RAW DATA:
*** Begin section ***

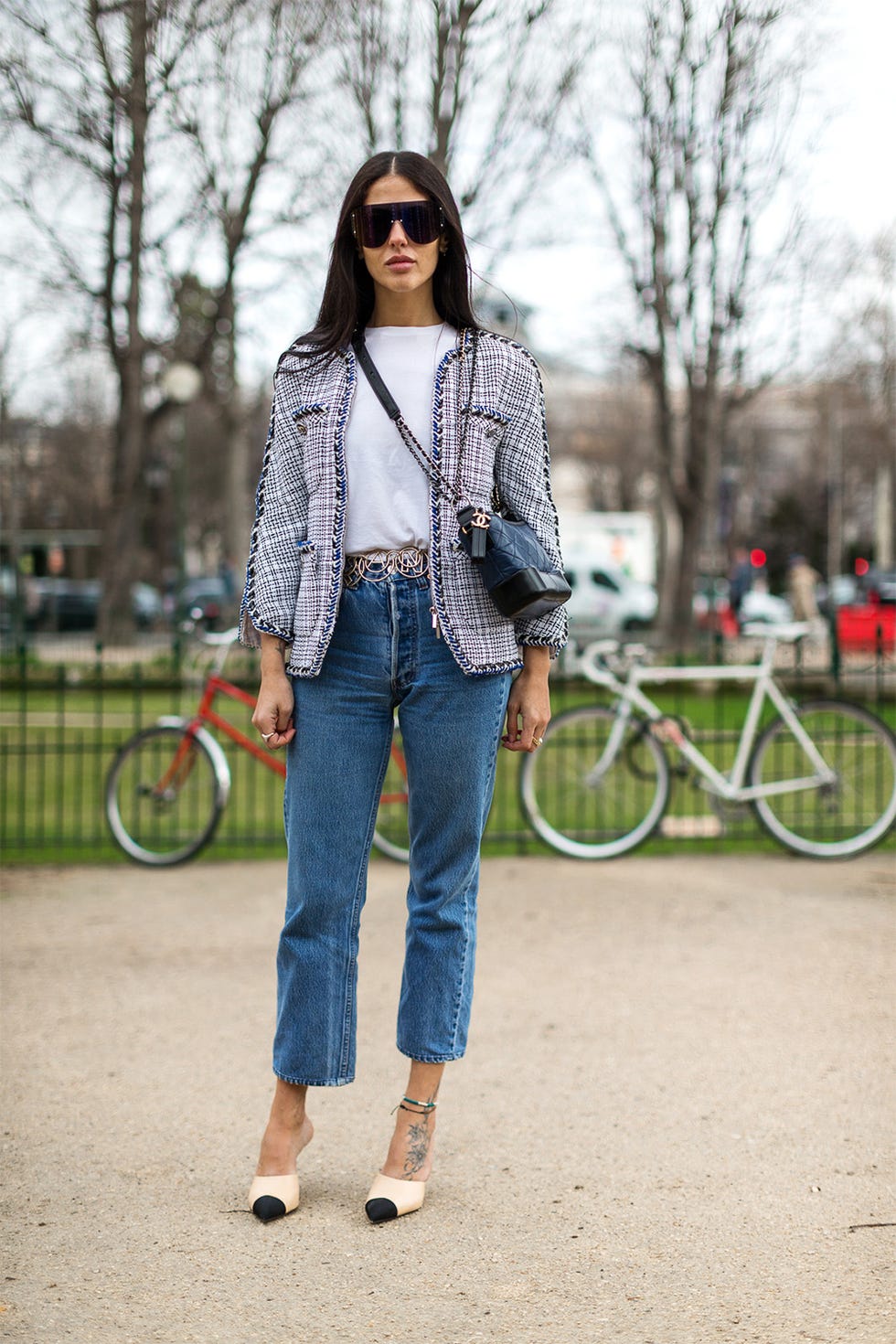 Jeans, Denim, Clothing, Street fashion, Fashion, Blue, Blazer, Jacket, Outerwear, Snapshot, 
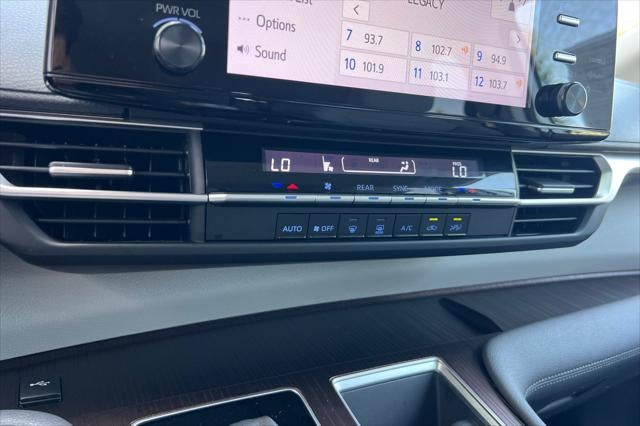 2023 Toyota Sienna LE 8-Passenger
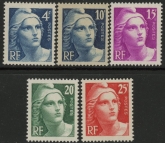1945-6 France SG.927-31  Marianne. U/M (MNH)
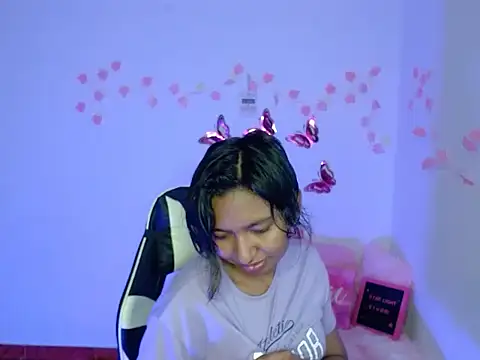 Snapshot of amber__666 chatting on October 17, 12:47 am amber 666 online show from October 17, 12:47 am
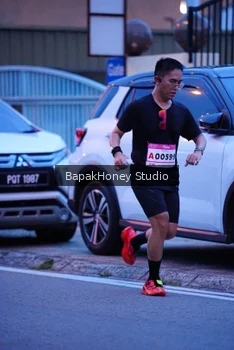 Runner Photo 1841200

*** End section ***

A word-for-word copy is needed of the lines from the line with "2023 Toyota Sienna LE 8-Passenger" through the last line of the entries above, with both ends kept and the pictures dropped.

RESULT FOR THIS EXERCISE:
 2023 Toyota Sienna LE 8-Passenger
1945-6 France SG.927-31  Marianne. U/M (MNH)
 Snapshot of amber__666 chatting on October 17, 12:47 am amber 666 online show from October 17, 12:47 am
 Runner Photo 1841200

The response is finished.